The book guarantee through inheritance and the ingenious solution to dampness were implemented in the Celsus Library of Ephesus, which has a special place in the cultural history of the ancient world. Roman consul Gaius Julius Aquila built this marble library in honor of his senator father Tiberius Julius Celsus Polemaeanus, by using his father’s legacy and left 25,000 gold coins for the preservation of the building and the purchase of books. It is estimated that the library has between 9,500 and 12,000 book rolls. A corridor between the inner wall and the outer wall to protect the books from moisture was built. The sarcophagus, which is still visible in the library today, is the tomb of Celsus. Although not certain, it is estimated that his son wanted to build a mausoleum in the city center to fulfill his father’s will, but he could not get permission so, he turned it into a library. For archaeological studies that began in 1860, Austria, on the basis of its close relations to the Ottoman Empire, was granted permission to excavate in Ephesus, which was discovered 50 years ago but has not yet been excavated. The library was found completely destroyed during the excavations of 1905. In the years between 1970 and 1978, the Austrian Archaeological Institute united more than 700 original pieces of the library, and after 10 years, the institute rebuilt the façade by bringing together 80% of the structure. The magnificent reliefs and sculptures, which were originally taken to Vienna during the years when the library was being excavated, are now on display at the Ephesus Museum within the Vienna Art History Museum. Especially the woman statues, the replicas of which are standing in the niches today, are remarkable. As it is written in their pedestals, the statues symbolize the characteristics of Celsus, which are wisdom (Sophia), knowledge (Episteme), intelligence (Ennoia) and virtue (Arete).

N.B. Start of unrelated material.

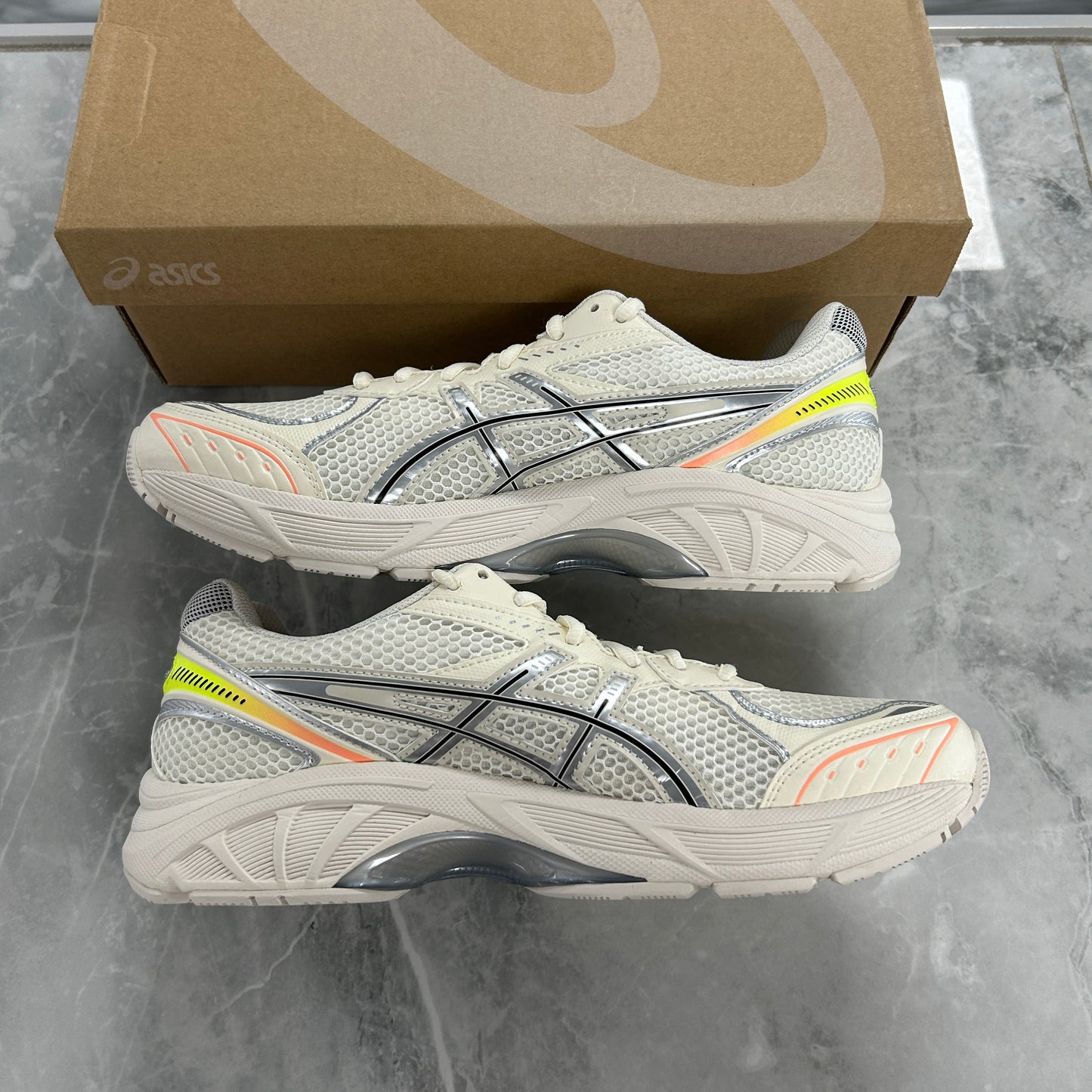 ASICS GT-2160 Paris (USED)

There were three cities in the ancient world that were famous for their terracotta figurines: Tanagra in Greece, Tarentum in Italy and Myrina in Western Anatolia. Myrina is located in the Aiolis region, just north of the Aliağa district of İzmir. It was a wealthy Anatolian city between the years of 250 and 106 and it was at the height of its art when it was destroyed by an earthquake. Multicolored terracotta figurines were produced in high quality in the workshops of the city. In the Hellenistic period, these workshops were specialized in reproducing these famous sculptures, which were especially women. Also among the masters of Myrina, Aphrodite, the Goddess of Love, was a very popular topic among many terracotta figures. Today, the Crouching Aphrodite, which is being exhibited in the Louvre, the world-famous museum of Paris, France, is estimated to belong to the 2nd century B.C. The largest collection of Myrina terracotta figurines are exhibited in the Louvre Museum, while the second-largest collection is in the İstanbul Archaeological Museum. In 1880, three French archaeologists in their twenties received permission from the Ottoman Empire to excavate Myrina. The Baltacı (Baltazzi) family of Venetian origin that settled in İzmir in the middle of the 18th century assisted the French diggers. Demosthenes Baltazzi of this family was interested in archeology and even participated in the Lebanon-Sayda excavations with Osman Hamdi Bey. Baltazzi, who was also the archaeological director of the Aydın province, also dug his own land in Myrina and Kyme. Myrina owes its fame to the thousands of terracotta figurines that came to light in the second half of the 19th century, both in illegal excavations and in French excavations. The number of earth figurines unearthed by official excavations is not small.